» **BRIEF**: Every line in the listing below that holds the word "with" should be returned.

» **DATA RECORDS**:

──────────────────────────────

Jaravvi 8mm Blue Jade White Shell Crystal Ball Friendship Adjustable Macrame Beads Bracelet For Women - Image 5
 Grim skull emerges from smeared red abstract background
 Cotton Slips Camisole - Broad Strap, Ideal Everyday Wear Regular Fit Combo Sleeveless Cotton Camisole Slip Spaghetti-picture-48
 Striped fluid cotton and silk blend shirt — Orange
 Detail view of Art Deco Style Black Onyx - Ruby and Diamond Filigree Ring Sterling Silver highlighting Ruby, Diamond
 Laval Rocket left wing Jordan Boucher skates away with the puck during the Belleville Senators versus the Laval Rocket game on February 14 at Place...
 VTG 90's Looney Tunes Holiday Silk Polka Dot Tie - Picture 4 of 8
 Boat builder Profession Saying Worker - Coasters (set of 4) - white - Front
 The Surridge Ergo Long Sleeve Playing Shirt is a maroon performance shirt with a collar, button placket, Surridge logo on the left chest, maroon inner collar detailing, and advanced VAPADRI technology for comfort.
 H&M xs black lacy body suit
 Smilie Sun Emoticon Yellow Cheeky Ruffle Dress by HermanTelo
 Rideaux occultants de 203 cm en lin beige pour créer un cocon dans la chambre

──────────────────────────────

» **EXERCISE SOLUTION**:
 Laval Rocket left wing Jordan Boucher skates away with the puck during the Belleville Senators versus the Laval Rocket game on February 14 at Place...
 The Surridge Ergo Long Sleeve Playing Shirt is a maroon performance shirt with a collar, button placket, Surridge logo on the left chest, maroon inner collar detailing, and advanced VAPADRI technology for comfort.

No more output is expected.